Rob Norris
phew
Support for creating and writing files was pretty much finished on the weekend, but my power test of copying the entire system to a FAT partition would cause things to explode in myriad ways, but not until a few hundred files has been copied. I’ve spent this week tracking down and fixes these problems:
- There was some problems in my linked-list managment code inside the cache which would occassionally cause an infinite loop.
- A different bug in the same code would sometimes cause a segfault as a NULL pointer was dereferenced.
- Following that, I noticed that something was leaking cache blocks. I implemented a function that dumps the internal cache state including block use counts after every FAT operation. The usage wasn’t coming down properly when create directory entries (ie making a directory or new file). Turns out I wasn’t releasing a directory handle when finished.

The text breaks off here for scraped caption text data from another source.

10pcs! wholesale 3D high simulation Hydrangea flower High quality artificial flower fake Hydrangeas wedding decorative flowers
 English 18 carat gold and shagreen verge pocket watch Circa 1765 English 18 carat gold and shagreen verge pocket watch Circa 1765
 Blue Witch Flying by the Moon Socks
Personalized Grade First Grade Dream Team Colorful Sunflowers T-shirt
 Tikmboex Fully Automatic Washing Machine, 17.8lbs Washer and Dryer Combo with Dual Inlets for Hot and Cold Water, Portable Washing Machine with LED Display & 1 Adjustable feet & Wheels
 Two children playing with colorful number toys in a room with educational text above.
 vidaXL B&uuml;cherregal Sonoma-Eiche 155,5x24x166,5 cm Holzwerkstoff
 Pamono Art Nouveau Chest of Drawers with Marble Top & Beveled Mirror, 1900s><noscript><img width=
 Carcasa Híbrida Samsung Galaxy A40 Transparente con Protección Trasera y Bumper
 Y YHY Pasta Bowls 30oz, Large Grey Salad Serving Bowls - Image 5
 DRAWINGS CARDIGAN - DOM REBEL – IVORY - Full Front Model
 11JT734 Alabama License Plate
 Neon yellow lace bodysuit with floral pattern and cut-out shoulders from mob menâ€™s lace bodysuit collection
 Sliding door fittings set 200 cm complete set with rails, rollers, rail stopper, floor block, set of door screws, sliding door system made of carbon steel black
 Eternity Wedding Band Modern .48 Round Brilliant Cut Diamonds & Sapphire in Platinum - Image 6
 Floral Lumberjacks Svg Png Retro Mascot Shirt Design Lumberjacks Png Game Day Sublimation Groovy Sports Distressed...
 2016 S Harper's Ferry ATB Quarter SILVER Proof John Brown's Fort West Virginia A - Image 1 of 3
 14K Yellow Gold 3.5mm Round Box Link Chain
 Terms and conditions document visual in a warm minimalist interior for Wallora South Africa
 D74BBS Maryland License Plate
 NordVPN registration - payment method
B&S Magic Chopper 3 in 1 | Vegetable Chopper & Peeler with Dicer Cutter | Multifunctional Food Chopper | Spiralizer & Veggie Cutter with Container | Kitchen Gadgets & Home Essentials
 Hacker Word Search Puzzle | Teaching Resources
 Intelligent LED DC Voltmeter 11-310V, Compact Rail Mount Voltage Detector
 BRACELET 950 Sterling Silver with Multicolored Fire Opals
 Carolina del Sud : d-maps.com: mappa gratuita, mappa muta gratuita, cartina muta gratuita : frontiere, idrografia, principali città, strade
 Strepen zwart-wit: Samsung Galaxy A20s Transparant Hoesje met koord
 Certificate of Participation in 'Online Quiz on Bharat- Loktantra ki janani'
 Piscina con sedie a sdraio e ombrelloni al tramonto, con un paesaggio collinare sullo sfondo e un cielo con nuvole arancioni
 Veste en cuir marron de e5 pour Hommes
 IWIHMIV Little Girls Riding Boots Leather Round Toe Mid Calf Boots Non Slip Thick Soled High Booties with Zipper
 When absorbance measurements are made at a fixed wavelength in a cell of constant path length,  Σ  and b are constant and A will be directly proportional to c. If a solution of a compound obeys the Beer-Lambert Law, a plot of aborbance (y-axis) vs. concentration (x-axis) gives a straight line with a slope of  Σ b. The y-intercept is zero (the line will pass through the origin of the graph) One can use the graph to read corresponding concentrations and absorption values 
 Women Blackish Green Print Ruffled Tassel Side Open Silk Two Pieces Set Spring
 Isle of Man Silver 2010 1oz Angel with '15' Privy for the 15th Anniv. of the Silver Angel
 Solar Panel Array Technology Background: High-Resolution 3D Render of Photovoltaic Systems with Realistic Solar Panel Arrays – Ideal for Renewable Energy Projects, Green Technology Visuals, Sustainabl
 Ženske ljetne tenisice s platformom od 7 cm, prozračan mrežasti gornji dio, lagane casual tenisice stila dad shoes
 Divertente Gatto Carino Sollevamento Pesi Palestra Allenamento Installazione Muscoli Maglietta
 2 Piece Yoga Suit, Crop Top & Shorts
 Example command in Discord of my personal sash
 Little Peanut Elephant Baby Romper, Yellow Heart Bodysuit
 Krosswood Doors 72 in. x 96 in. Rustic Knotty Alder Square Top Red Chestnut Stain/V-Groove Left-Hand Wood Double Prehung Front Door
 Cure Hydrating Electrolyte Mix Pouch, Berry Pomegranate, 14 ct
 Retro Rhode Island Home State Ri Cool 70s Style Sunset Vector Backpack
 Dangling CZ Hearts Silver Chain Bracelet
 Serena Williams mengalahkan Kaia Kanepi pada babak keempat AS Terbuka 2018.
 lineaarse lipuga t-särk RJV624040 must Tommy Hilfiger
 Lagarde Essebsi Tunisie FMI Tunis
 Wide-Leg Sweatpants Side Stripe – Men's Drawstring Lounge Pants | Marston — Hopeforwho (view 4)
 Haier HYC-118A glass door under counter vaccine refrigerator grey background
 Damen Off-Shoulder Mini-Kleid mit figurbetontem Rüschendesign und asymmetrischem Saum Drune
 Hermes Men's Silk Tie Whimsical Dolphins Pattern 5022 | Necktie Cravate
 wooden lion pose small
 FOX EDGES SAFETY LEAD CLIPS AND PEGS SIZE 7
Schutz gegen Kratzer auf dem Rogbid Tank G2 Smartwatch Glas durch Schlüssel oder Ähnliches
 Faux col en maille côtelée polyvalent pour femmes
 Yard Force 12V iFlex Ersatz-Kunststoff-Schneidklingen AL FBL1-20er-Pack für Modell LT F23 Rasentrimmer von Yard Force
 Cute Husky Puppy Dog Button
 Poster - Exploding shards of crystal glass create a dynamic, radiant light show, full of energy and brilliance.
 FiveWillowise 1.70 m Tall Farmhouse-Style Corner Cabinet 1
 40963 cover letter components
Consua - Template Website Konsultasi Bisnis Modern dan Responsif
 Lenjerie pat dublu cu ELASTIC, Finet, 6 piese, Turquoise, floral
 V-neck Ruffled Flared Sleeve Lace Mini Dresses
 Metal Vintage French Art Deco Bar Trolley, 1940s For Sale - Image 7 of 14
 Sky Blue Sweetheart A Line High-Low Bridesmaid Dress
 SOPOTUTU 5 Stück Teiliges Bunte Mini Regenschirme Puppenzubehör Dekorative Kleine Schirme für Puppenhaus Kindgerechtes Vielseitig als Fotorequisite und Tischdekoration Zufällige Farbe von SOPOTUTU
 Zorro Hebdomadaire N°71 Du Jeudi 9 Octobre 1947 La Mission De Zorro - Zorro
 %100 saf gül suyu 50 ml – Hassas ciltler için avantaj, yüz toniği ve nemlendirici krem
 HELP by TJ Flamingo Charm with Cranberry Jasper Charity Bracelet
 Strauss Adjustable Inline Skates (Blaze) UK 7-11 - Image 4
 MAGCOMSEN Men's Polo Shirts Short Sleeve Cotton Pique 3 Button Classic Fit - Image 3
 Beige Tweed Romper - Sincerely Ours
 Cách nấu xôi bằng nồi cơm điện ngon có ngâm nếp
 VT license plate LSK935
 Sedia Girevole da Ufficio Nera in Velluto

- Next, writing file contents was leaking blocks too. Again, I wasn’t releasing a directory handle when updating the file size in the directory.
- Finally, I skimmed through and found a number of other places in error handling code where directory handles weren’t being released.
So, I’m pleased to announce that file writing is stable. I haven’t seen any corruption in my testing, but obviously take care on real data (like your Windows 98 partition). As I noted previously, there’s still a few little things left to implement to declare write “done”, but for the most part you won’t care ;)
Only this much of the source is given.